Second quarter gross domestic product (GDP) was revised higher to 4.2% from 4.1% and most economists predict that GDP will increase by at least 3% in the third quarter. Consumer spending rose in July in line with expectations while the core personal consumption expenditures (PCE) index, the Federal Reserve’s preferred measure of inflation, rose slightly and was 2% on a year over year basis, matching the Fed’s target rate. Pending home sales fell for the seventh straight month in July as a shortage of homes for sale was driving up home prices and making them unaffordable for prospective buyers. Consumer confidence rose in August to the highest level since October 2000 and the final monthly reading of the University of Michigan consumer sentiment index was better than expected but at its lowest level since January. Weekly jobless claims rose 3,000 to 213,000, slightly higher than expected, but layoffs still remain at the lowest levels in nearly 50 years.
For the week, the Dow Jones Industrial Average added 0.7% to close at 25,964 and the S&P 500 Index gained 0.9% to close at 2,901. The Nasdaq Composite Index climbed 2.1% to close at 8,109.
The most important piece of economic data this week will be the August employment report, which is expected to show that about 187,000 new jobs were created and that the unemployment rate dipped to 3.8% from 3.9%. Average hourly earnings are expected to rise less than 3% year over year, helping confirm the view that inflation remains under control. July construction spending is forecast to increase modestly while July factory orders are forecast to fall slightly. Both the Institute for Supply Management (ISM) manufacturing index and non-manufacturing index or services sector index are expected to remain solidly in expansion territory.
Among the most notable companies scheduled to report earnings this week are Barnes & Noble, Gamestop, Casey’s General Stores, Vera Bradley, Broadcom and Dell Technologies.

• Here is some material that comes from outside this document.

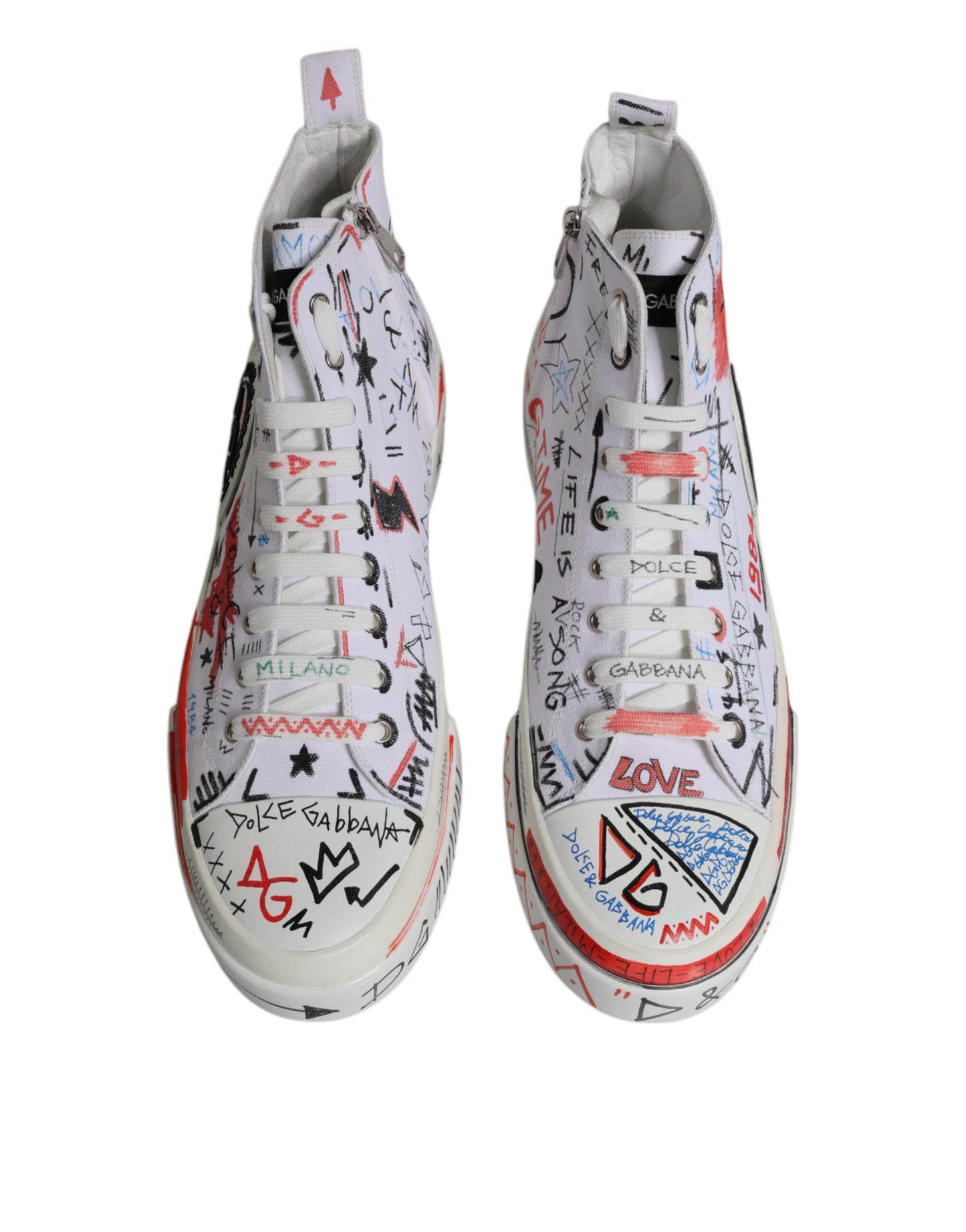 Zapatillas altas blancas de algodón con grafiti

If there ever was an opportune time to invest in overseas markets, now may be the time. The U.S. stock market just completed its best August performance in years with the S&P 500 gaining 3% and the Nasdaq Composite Index climbing nearly 6%. The news cannot get much better, either, as second quarter GDP growth was revised higher, corporate earnings have been stellar, the labor market is strong and inflation remains under control. But the calendar has just turned to September and this month has been the worst month of the year for the Dow and the S&P 500 with average declines of about 1% since 1950. History has not been kind to the Nasdaq, either, as it has suffered losses as well. While corporate earnings should continue to grow for the balance of the year, the growth will not exceed the level posted in the second quarter. Valuations of U.S. stocks are also stretched as the S&P 500 currently trades at 17 times projected earnings for 2018, higher than its historical average. Interest rates are probably headed higher as it is a near-certainty that the Federal Reserve will raise the federal funds rate in September and again in December. On the other hand, interest rates are near-zero in Europe and Japan and recent economic data has been improving along with better earnings growth. Stock valuations are much lower, too, as the MSCI EAFE Index trades at about 14 times estimated forward earnings, a sizable discount to the U.S. market. Although U.S. stocks should continue to offer decent returns, a better case can be made for developed market international equities at this point in the U.S. cycle and taking into account their relative underperformance on a year-to-date basis.